Contre le mur du fond, le gérant et son assistant se tenaient le bras croisé au dessus de leur tête en tremblant sous le regard noir du troisième et dernier braqueur. Il était armé d'un Firestar. Une petite arme de poings discrète, mais en matière d'arme à feu, ce n'était pas la grosseur qui comptait. Une balle en pleine tête, qu'elle soit de trois ou douze millimètres vous tuait tout aussi implacablement.
" Dit, tu préfère Take me on the floor ou Untunched ? demanda soudain celui qui se servait du microscope.
- Bof, la musique pop et moi, souffla l'homme les tenant en joues sur un ton indifférent.
Ils entendirent bien l'autre braqueur rire à cette affirmation, mais ne parvinrent pas à détacher leurs yeux du canon du revolver pointé sur eux.
L'homme qui les surveillait les fixait sans discontinuer, suivant le moindre tremblement, analysant le moindre soubresaut de peur.

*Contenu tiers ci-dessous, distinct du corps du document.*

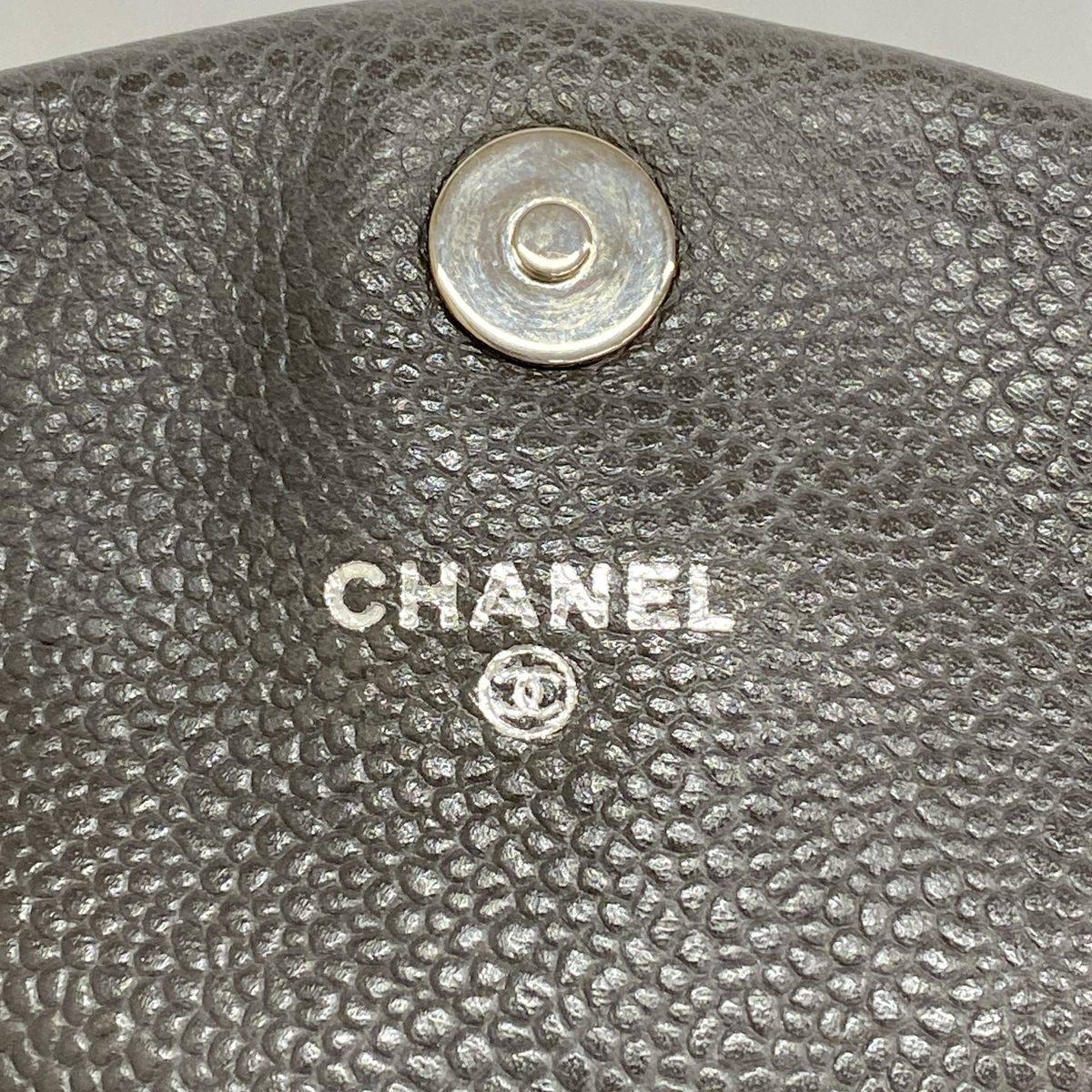 Chanel Shoulder Bag Quilted Caviar Leather Gray Silver — view 5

Les braqueurs avaient affirmés que s'il faisait tout se qu'ils demandaient, personne ne serait blesser. Mais ce type les regardait comme un serpent ayant aperçut un oisillon bien dodu et sans défense.
- Je préférais Untunched. Ça avait plus d'ambiance, continua l'homme au microscope comme s'il était en train de faire les courses, ou marcher dans un parc, pas du tout comme s'il était en train de vérifier des diamants pendant que ses deux complice avaient leurs armes pointés sur des otages. Enfin Take me on the floor n'est pas mal non plus, c'est juste une question de préférence. Toi je sais déjà que t'as un gros faible pour le prélude de l'opus 28 Adante de Chopin. Tu l'écoutais en boucle l'autre jour."

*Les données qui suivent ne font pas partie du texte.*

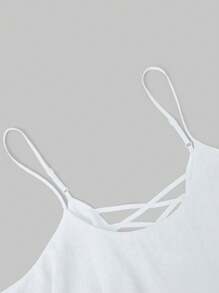 SHEIN Clasi Chiffon Layered Crisscross Back Slim-Fitted Camisole Top - White - View 3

- Je suis une âme sensible, ironisa, l'homme face à eux.
- Je sais, je t'entends quand tu parles à ton bébé," se moqua Monsieur Microscope. "Vous me croyiez, fis-t-il en prenant à témoins les deux otages, si je vous disais que ce dingue parle à sa Winchester comme à un enfant ?
Le dingue en question soupira. Puis eut un petit sourire en voyant le gérant trembler un peu plus fort.

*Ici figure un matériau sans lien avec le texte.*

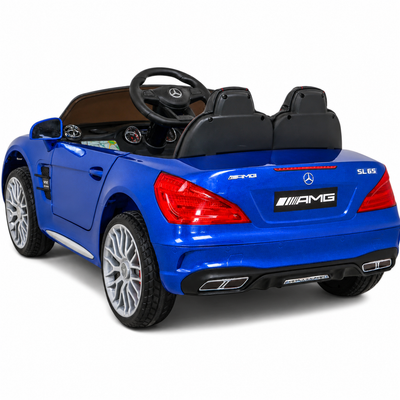 Carro Elétrico para Criança MERCEDES SL65 12V Ecrã MP4 Azul Metalizado c/ RODAS DE BORRACHA & ASSENTO EM PELE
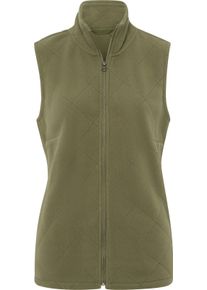 Dames Fleecegilet met ruitstiksels kaki Maat 48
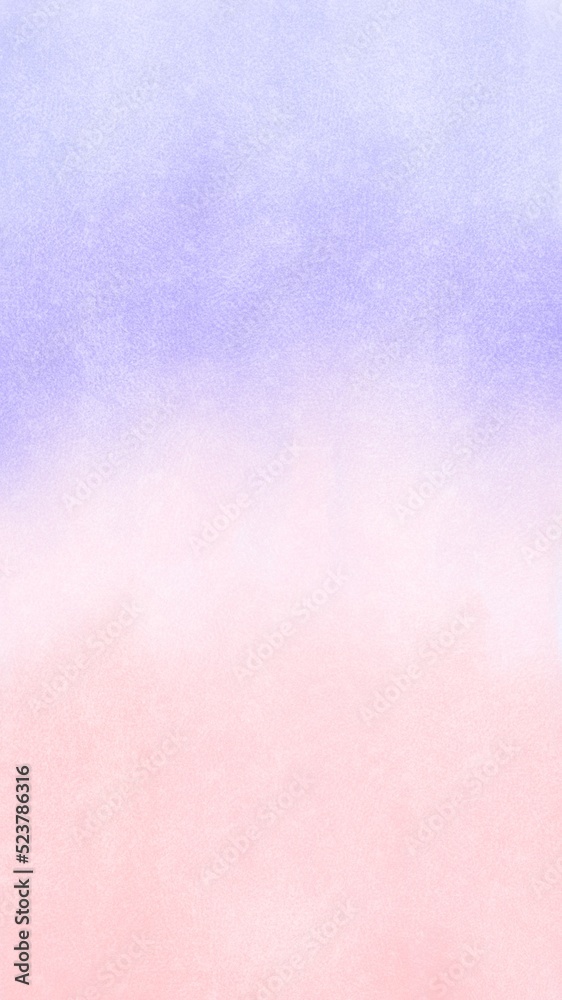 Fototapeta premium Abstract artistic background. Gradient in pastel colours, purple to pink color. Mist wallpaper for mobile phone. With grain texture.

- Je crois que ça rend les gens anxieux quand tu dis que je suis dingue alors que je pointe une arme sur eux.
- OH ! Vraiment ? fis monsieur microscope comme si c'était saugrenu. Il ne faut pas. Ce type est un dieu avec les armes. Aucun coup ne partira si vous ne bougez pas. Il est à l'épreuve des erreur ce con ! C'est d'ailleurs la raison pour laquelle c'est toujours moi qui fait le boulot de larbin. Il n'aime pas que je tienne une arme, il a toujours trop peur que je me tire dans le pied.
- Ouai, quand t'aura finit de conter ta vie, tu penseras à t'activer un peu ! Il nous reste seulement cinq minutes, imbécile ! »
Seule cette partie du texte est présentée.